(EXTRACTED ENTRIES begins)
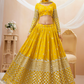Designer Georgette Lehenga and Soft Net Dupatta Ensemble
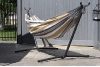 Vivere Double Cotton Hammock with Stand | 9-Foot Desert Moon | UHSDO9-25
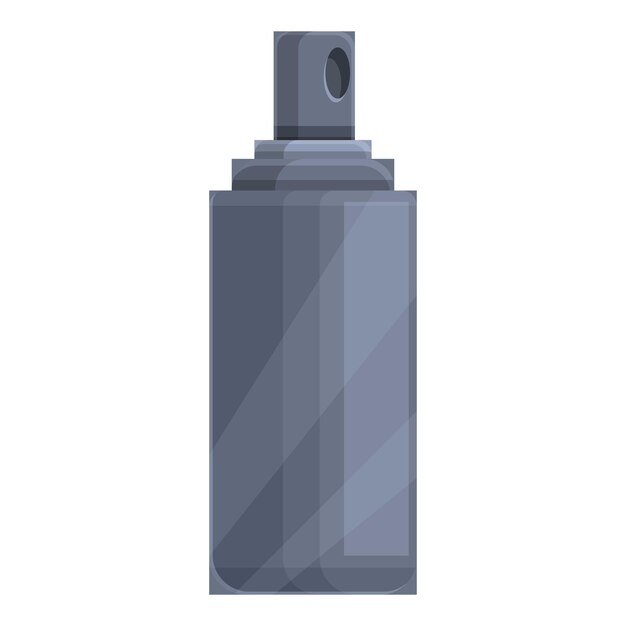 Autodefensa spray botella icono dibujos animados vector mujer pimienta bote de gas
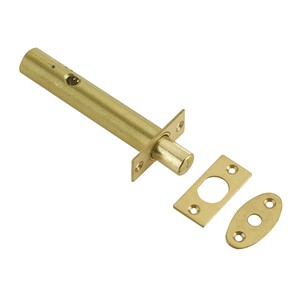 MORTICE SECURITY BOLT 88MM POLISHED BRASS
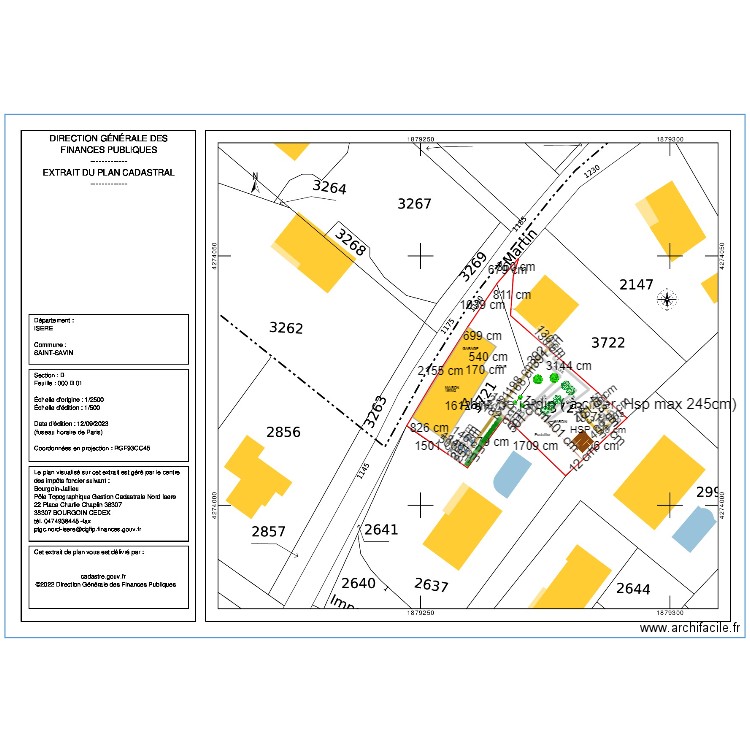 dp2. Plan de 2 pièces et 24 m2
(EXTRACTED ENTRIES ends)
(EXTRACTED ENTRIES begins)
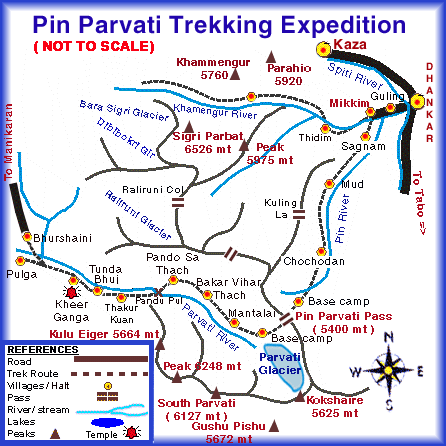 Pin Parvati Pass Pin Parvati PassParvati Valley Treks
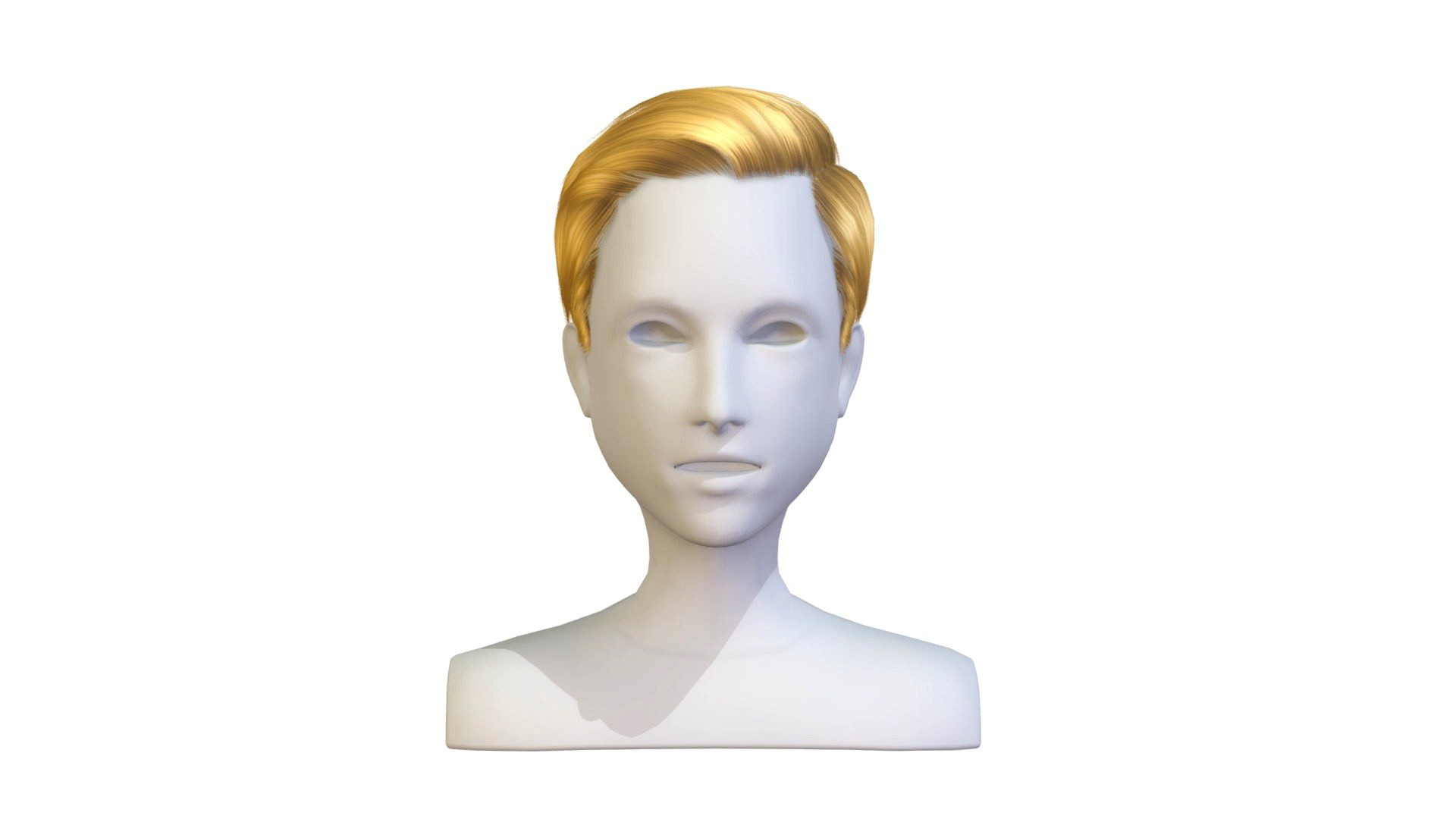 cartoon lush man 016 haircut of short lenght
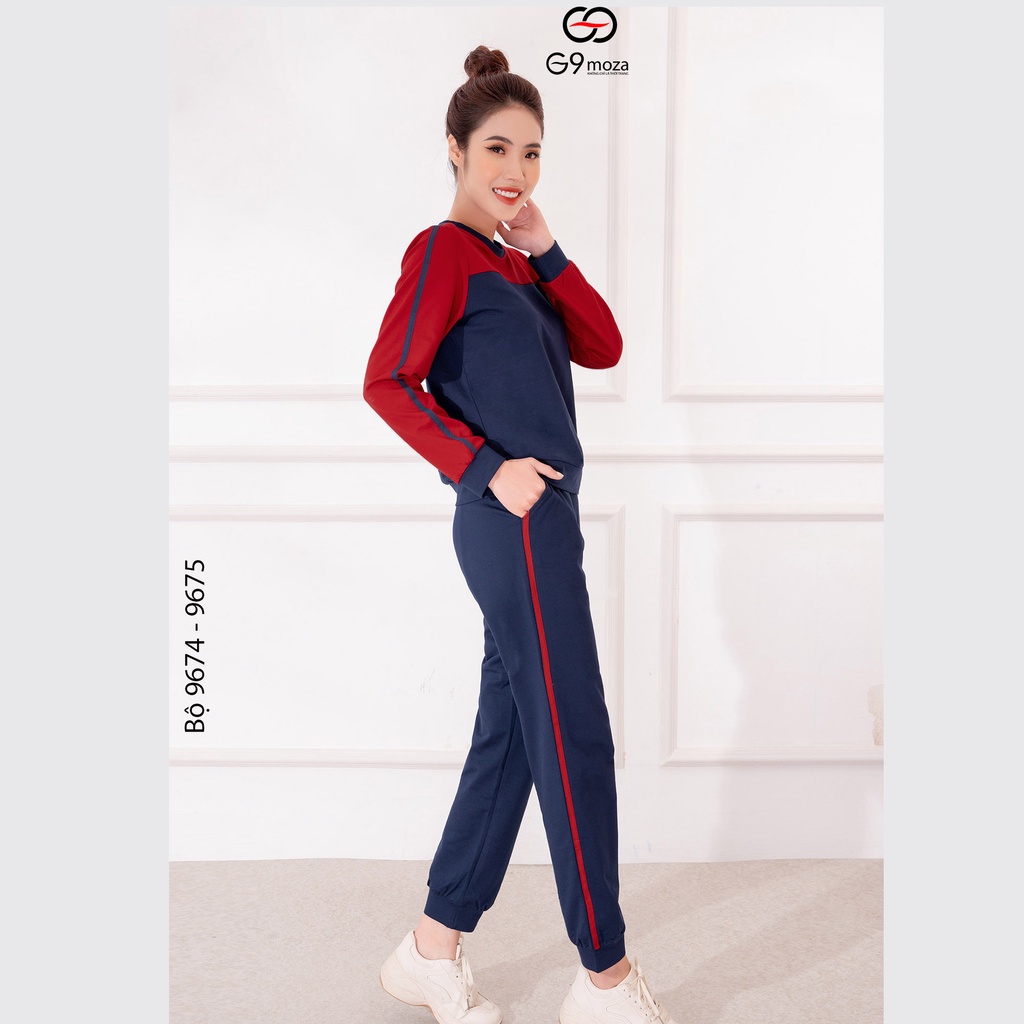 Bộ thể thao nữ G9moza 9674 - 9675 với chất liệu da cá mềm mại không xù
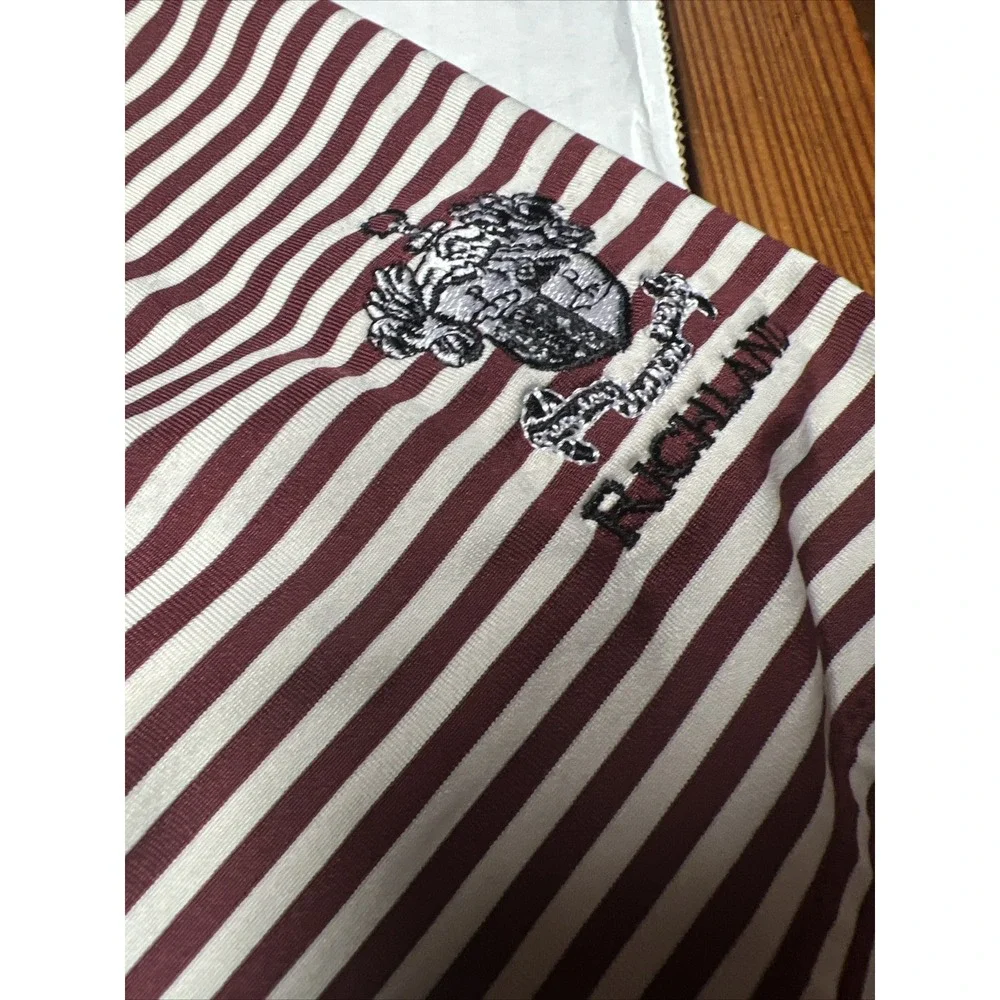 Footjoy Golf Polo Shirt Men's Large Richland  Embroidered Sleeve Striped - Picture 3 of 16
(EXTRACTED ENTRIES ends)
● REQUIRED WORK: Copy the lines above exactly, starting with the line that contains "Vivere Double Cotton" and ending with the line that contains "dp2. Plan de 2 pièces et 24 m2", and leave out any pictures.

● REPLY:
 Vivere Double Cotton Hammock with Stand | 9-Foot Desert Moon | UHSDO9-25
 Autodefensa spray botella icono dibujos animados vector mujer pimienta bote de gas
 MORTICE SECURITY BOLT 88MM POLISHED BRASS
 dp2. Plan de 2 pièces et 24 m2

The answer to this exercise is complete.